The process began like all those in the past. The site was prepped for digging. Precision tools were made easily accessible so as to perform the  meticulous task at hand. I had done all I could to get ready. I had been in the preparation stages for six months. It all came down to last Friday.

I showed up early at the site, but the team was running behind. My adrenaline was pumping. After I was finally allowed back where the process would soon begin, my breathing seemed to pick up faster and unnatural. I had witnessed this many times before over the years, but each time was a new experience and brought a huge adrenaline rush.

I was nervous over what would be uncovered and if anything had been damaged since the last excavation date. I was directed to a special chair that was provided for my benefit and given a pair of goggles for protection. I removed my prescription glasses and awkwardly placed the provided pair on my face. “Quite bland,” I thought to myself, but they will protect me in case of flying debris.

The bright lights were directed toward the site. Out of nervous anticipation, I started gripping the arms of my seat. It would begin any moment now.

As the specialist prepped and moved in closer, the digging and scraping began. Scrape a small space and then pick at the surrounding area. It could only be accomplished in these small increments and certainly not hastily.

As debris was removed, the trained professional would next apply air to brush away the particles. At times water was sprayed on the work area at hand to wash away any lose debris. A  vacuum sucked it out to allow for continuous work.

It is at least twice a year that I make my way to the site. I have been doing it since my youth, but each time brings an overwhelming sense of uncertainty. Although the professionals have much improved the skills over the years, the flashbacks are all too real.

I didn’t understand the process early on and sometimes got in the way of things. After that, it was a few years that I didn’t go back.

Dr. Dan Moore was the first to introduce me to the procedure as was my childhood dentist. His office was on Love Street, where Dr. Charles Miller is located now.

I remember being called back into a room, which seemed cold in appearance. As I sat in the procedure chair I could see an attached tray in front of me, filled with  what seemed like tiny “torture” tools. It swiveled around, connected to the chair I sat in.

I can still see that small porcelain bowl sink that had continuous swirling water. To a child, it seemed like I would be drowning in my own saliva, before given permission to spit in the bowl.
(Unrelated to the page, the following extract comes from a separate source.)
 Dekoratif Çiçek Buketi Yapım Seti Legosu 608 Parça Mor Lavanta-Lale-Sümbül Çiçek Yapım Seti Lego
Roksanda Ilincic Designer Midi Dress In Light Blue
Dr. Moore was continually telling me to open wider. My small mouth just didn’t seem to stretch wide enough to support his large hands. Somewhere in the meantime, my thoughts would drift off and my mouth would start to slowly close down. It was then that I would hear him call out, “Wider, please.”

At some young age, with my eyes closed and not understanding what was taking place with cotton, wooden sticks and the latex gloved hands, I strongly bit down on Dr. Moore. I was young. Who knows, maybe I did it on purpose, but I missed a few visits before my mom had the nerve to take me back. I was now labeled. I single handedly had tried to destroy the career of my dentist by maiming him mid cleaning.
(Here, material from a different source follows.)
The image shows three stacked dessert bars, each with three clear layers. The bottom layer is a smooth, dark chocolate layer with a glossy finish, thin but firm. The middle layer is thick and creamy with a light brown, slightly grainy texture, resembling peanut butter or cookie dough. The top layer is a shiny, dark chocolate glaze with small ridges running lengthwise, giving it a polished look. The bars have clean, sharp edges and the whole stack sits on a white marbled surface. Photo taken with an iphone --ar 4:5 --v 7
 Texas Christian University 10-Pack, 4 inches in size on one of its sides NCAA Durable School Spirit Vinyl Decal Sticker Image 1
Mom did eventually take me back to him. I don’t know if there was a  cautionary mark beside my name or if he even remembered the incident. However, I now had a cavity that needed attention. Maybe I really didn’t have one and this was just his way of getting even with me.

Over the years I been to four or five dentists. I haven’t found one that I look forward to seeing, but I do like my current one. The office staff seems very clean, with special stations for everything and special techniques for sanitizing.

My struggles now are don’t brush too hard and remember to floss, floss, floss. The various techniques for brushing have varied over the years from scrub to gently rolling the toothbrush over the teeth.

If you don’t have your  gums toughened before teeth cleaning, they are going to tell on you. I start weeks before with extra prepping for this part of the exam. Before last week’s visit I brushed, flossed, brushed again, swished peroxide and used mouthwash and finished with lip ointment so my lips wouldn’t be dried and possibly crack. I was as ready as I could be physically but not mentally.

I tried to find the happy place in my mind but it was somewhere other than where I was. It is hard to zone out with lights in your face, a hand in your mouth and machine hum in your ears. There is nothing worse than the sound of the humming motor or the chilling grind against the pearly surface of your molars. Buzzzzzzzzzzzzzzz, like a thousand bees unleashed, the noise haunts me.

I guess dentist and staff try and take my mind off of the current situation by asking random questions. The dentist office is no place to conduct random chat. “Is it raining outside?,” the hygienist asked. “Naht yeuht,” I responded. “It is apost ew bu Unday,” I continued.

“Oh you take excellent care of your teeth,” my hygienist said. By the end of the appointment, I had praise for my good job and a clean bill on my teeth.

It can’t be easy for them. Imagine being presented a mystery door all day long. Once opened, it can either be a delightful surprise or a horrible nightmare to face. Luckily, I passed. Now I can start dreading my return dig in September.